In recent years, whole industries have been remade through consolidations, acquisitions and spin-offs. Some acquirers, particularly those using stock as an acquisition currency, have used this environment as an opportunity to engage in another form of "creative" accounting. I call it "merger magic."
I am not talking tonight about the pooling versus purchase problem. Some companies have no choice but to use purchase accounting -- which can result in lower future earnings. But that's a result some companies are unwilling to tolerate.
So what do they do? They classify an ever-growing portion of the acquisition price as "in-process" Research and Development, so -- you guessed it -- the amount can be written off in a "one-time" charge -- removing any future earnings drag. Equally troubling is the creation of large liabilities for future operating expenses to protect future earnings -- all under the mask of an acquisition.
Miscellaneous "Cookie Jar Reserves"
A third illusion played by some companies is using unrealistic assumptions to estimate liabilities for such items as sales returns, loan losses or warranty costs.
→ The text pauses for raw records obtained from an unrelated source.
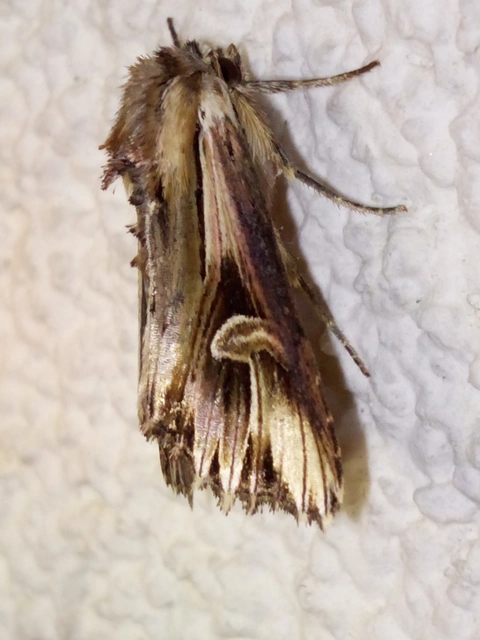 Actinotia polyodon - nagy sugarasbagoly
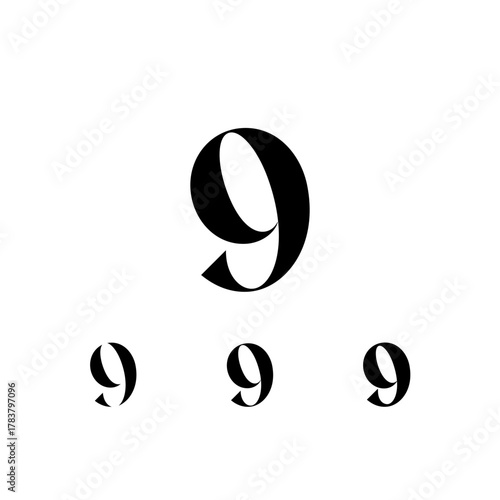 Exquisite Number 9, decorative posh numeral, vector illustration 10EPS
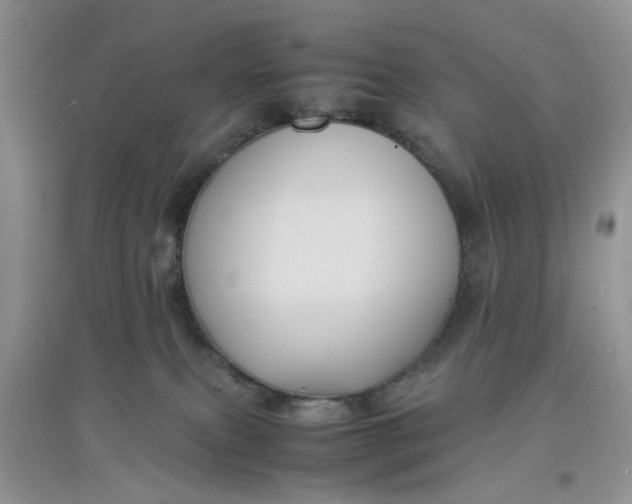 X0000097640087200803142057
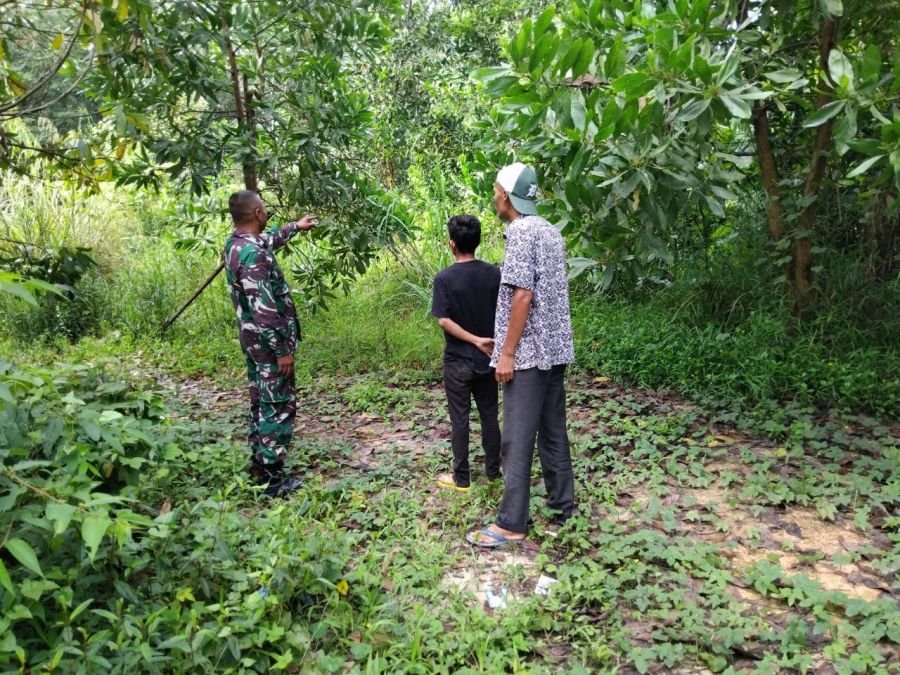 Babinsa Koramil 04/Lph Sisir Sejumlah Titik Rawan Karhutla di Rumbai Timur, Hasilnya Nihil Titik Api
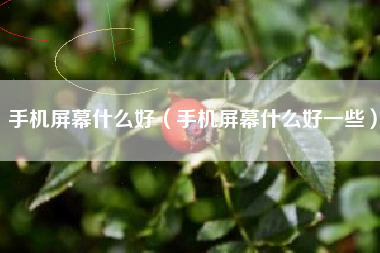 手机屏幕什么好（手机屏幕什么好一些）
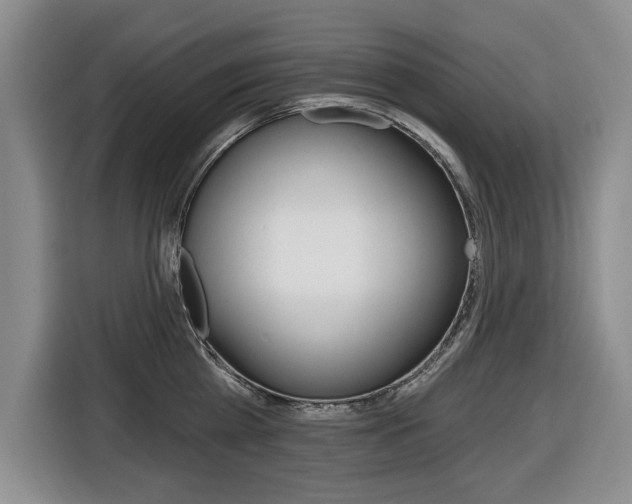 X0000116430809200912081219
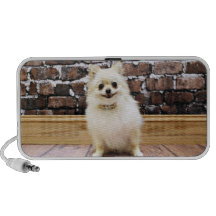 Pomeranian - Abby Vanity Collar Mp3 Speaker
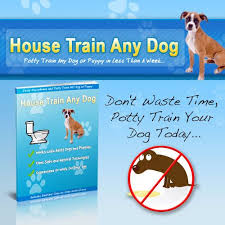 Do you know how to stop a dog who. Learn The Secrets To Completely Potty Train Any Dog Or Puppy Quickly And Easily In 7 Days House Training Dog Potty Training Dog Potty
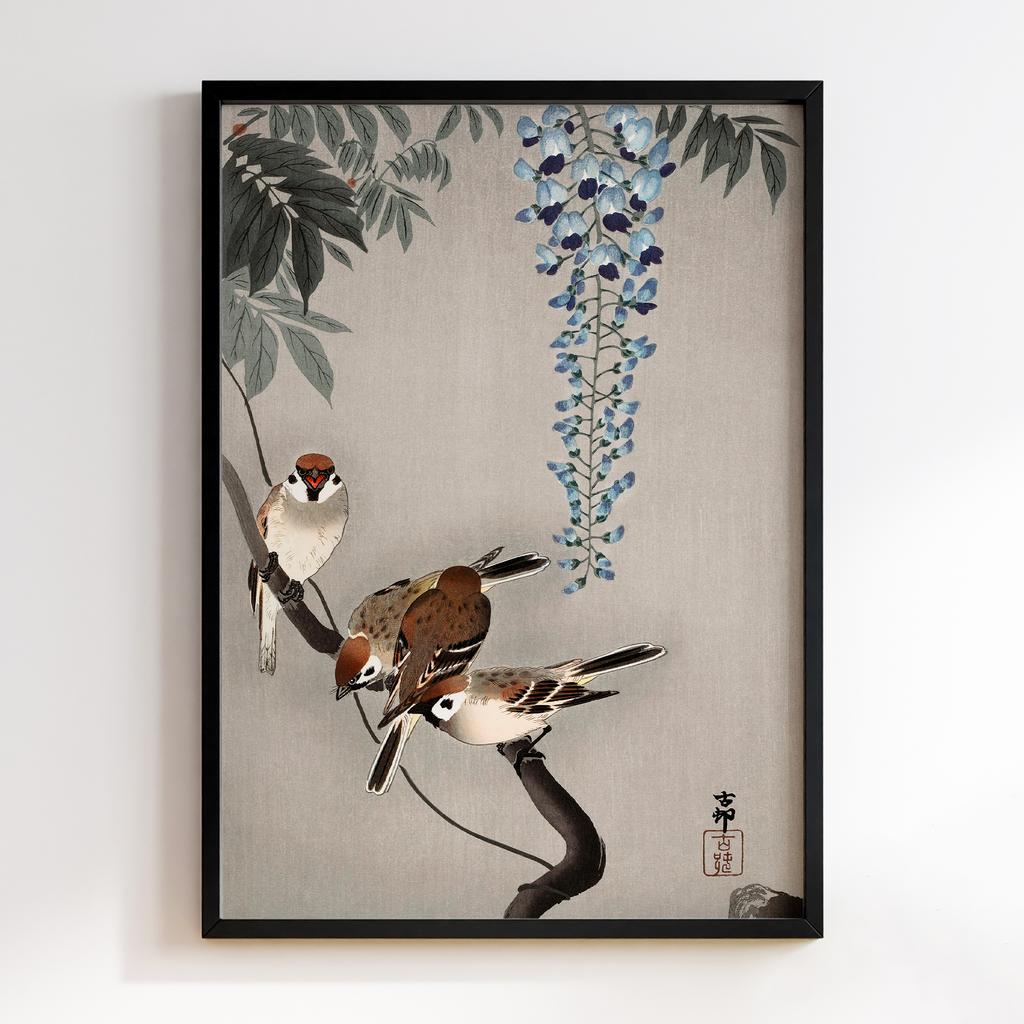Постер Ring sparrows at wisteria (1900 - 1936) by Ohara Koson (1877-1945)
In doing so, they stash accruals in cookie jars during the good times and reach into them when needed in the bad times.
I'm reminded of one U.S. company who took a large one-time loss to earnings to reimburse franchisees for equipment. That equipment, however, which included literally the kitchen sink, had yet to be bought. And, at the same time, they announced that future earnings would grow an impressive 15 percent per year.
"Materiality"
Let me turn now to the fourth gimmick -- the abuse of materiality -- a word that captures the attention of both attorneys and accountants. Materiality is another way we build flexibility into financial reporting. Using the logic of diminishing returns, some items may be so insignificant that they are not worth measuring and reporting with exact precision.
But some companies misuse the concept of materiality. They intentionally record errors within a defined percentage ceiling. They then try to excuse that fib by arguing that the effect on the bottom line is too small to matter. If that's the case, why do they work so hard to create these errors? Maybe because the effect can matter, especially if it picks up that last penny of the consensus estimate. When either management or the outside auditors are questioned about these clear violations of GAAP, they answer sheepishly ......."It doesn't matter. It's immaterial."